Problem: Check each line of the entries. Copy the ones that contain the string "Drive".

Exercise data:
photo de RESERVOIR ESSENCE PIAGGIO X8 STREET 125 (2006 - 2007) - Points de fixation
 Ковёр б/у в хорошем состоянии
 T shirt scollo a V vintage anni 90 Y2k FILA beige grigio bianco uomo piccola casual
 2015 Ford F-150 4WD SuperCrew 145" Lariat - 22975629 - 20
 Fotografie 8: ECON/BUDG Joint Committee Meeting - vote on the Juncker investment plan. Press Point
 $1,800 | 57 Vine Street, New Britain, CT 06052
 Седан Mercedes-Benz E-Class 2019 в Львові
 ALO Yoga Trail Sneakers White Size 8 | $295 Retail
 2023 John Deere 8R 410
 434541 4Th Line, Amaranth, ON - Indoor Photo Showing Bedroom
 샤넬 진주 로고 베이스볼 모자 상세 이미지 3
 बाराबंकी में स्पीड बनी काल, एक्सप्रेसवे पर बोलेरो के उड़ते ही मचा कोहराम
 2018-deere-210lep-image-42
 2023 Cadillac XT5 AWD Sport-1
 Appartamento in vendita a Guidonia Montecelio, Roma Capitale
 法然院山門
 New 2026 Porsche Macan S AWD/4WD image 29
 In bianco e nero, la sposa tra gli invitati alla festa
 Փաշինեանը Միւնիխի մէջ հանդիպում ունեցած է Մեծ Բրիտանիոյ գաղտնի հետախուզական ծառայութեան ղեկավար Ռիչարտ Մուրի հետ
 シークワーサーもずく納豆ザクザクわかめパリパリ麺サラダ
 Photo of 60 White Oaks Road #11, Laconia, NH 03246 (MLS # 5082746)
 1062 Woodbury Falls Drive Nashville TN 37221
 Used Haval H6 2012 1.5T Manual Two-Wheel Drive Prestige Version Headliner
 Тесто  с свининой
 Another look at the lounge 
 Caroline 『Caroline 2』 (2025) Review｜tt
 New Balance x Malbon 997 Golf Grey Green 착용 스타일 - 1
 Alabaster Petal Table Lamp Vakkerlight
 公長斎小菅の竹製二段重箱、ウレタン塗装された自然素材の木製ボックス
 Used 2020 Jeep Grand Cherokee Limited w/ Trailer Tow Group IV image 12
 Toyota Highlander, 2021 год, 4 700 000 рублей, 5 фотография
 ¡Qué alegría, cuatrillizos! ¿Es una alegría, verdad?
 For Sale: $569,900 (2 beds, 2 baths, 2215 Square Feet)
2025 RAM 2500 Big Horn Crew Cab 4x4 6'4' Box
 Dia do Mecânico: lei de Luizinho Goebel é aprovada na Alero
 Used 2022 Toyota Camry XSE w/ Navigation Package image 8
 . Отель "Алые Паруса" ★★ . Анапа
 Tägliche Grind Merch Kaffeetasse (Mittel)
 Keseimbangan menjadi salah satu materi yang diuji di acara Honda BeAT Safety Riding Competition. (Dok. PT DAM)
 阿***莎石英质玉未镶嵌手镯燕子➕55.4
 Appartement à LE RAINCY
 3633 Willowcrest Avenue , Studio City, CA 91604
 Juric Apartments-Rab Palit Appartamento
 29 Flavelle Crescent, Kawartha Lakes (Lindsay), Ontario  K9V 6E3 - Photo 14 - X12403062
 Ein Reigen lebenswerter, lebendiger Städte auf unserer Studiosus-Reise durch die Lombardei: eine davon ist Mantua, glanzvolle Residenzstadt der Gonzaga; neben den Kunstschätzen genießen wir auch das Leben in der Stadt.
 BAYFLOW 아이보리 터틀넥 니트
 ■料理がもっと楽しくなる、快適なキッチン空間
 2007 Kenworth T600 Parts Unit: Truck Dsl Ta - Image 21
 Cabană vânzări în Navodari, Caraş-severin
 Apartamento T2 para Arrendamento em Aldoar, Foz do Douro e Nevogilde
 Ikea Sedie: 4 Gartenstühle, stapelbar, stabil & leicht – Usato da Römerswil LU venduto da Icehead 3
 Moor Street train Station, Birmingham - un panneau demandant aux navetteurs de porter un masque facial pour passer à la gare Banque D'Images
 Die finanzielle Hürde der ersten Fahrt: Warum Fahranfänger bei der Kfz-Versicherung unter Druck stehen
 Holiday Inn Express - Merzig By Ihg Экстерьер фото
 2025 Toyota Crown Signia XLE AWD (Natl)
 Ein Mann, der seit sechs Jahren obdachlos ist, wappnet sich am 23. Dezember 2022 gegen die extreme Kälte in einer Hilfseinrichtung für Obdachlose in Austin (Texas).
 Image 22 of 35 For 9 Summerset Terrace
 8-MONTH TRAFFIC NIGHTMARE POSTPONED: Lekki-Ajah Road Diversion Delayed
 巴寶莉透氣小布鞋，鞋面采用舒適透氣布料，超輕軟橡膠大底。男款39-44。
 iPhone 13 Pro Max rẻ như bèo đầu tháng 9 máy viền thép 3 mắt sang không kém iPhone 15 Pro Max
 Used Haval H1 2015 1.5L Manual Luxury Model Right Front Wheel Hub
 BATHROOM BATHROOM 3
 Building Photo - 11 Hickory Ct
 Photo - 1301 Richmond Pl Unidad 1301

Response area:
 1062 Woodbury Falls Drive Nashville TN 37221
 Used Haval H6 2012 1.5T Manual Two-Wheel Drive Prestige Version Headliner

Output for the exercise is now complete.